Ora, posso anche illudermi di aver violato l'indeterminazione, fatto sta che è avvenuto solo per questa volta, perché la volta successiva, a spin giu dedotto, può corrispondere spin sinistra misurato, e non più destra (perché lo stato per la misura orizzontale è 50% e 50%).
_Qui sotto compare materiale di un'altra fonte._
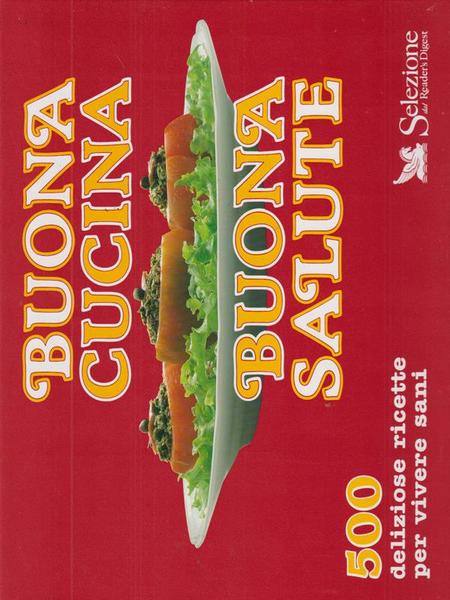 Buona cucina buona salute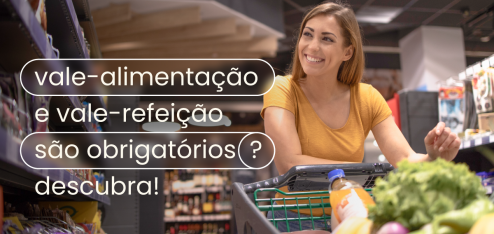 Mulher com cesta de compras. No título: "vale-alimentacão e vale-refeicão são obrigatórios? Descubra!"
Ciò non permette di fare previsioni fisiche per futuri casi, sebbene le circostanze siano identiche: le future misure rimangono indeterminate e imprevedibili, e questa si chiama indeterminazione.

Immaginiamo invece che l'osservatore 2 con la sua misura orizzontale bruci sul tempo l'osservatore 1 e misuri spin destro prima che l'osservatore 1 faccia la sua misura verticale. Ma allora lo stato per l'osservatore 1 diventa autostato spin sinistro, che in termini di misura verticale diventa entangled 50% e 50% su o giù! Siamo punto daccapo, abbiamo perso la certezza dello spin verticale (stavolta l'ha persa l'osservatore 1).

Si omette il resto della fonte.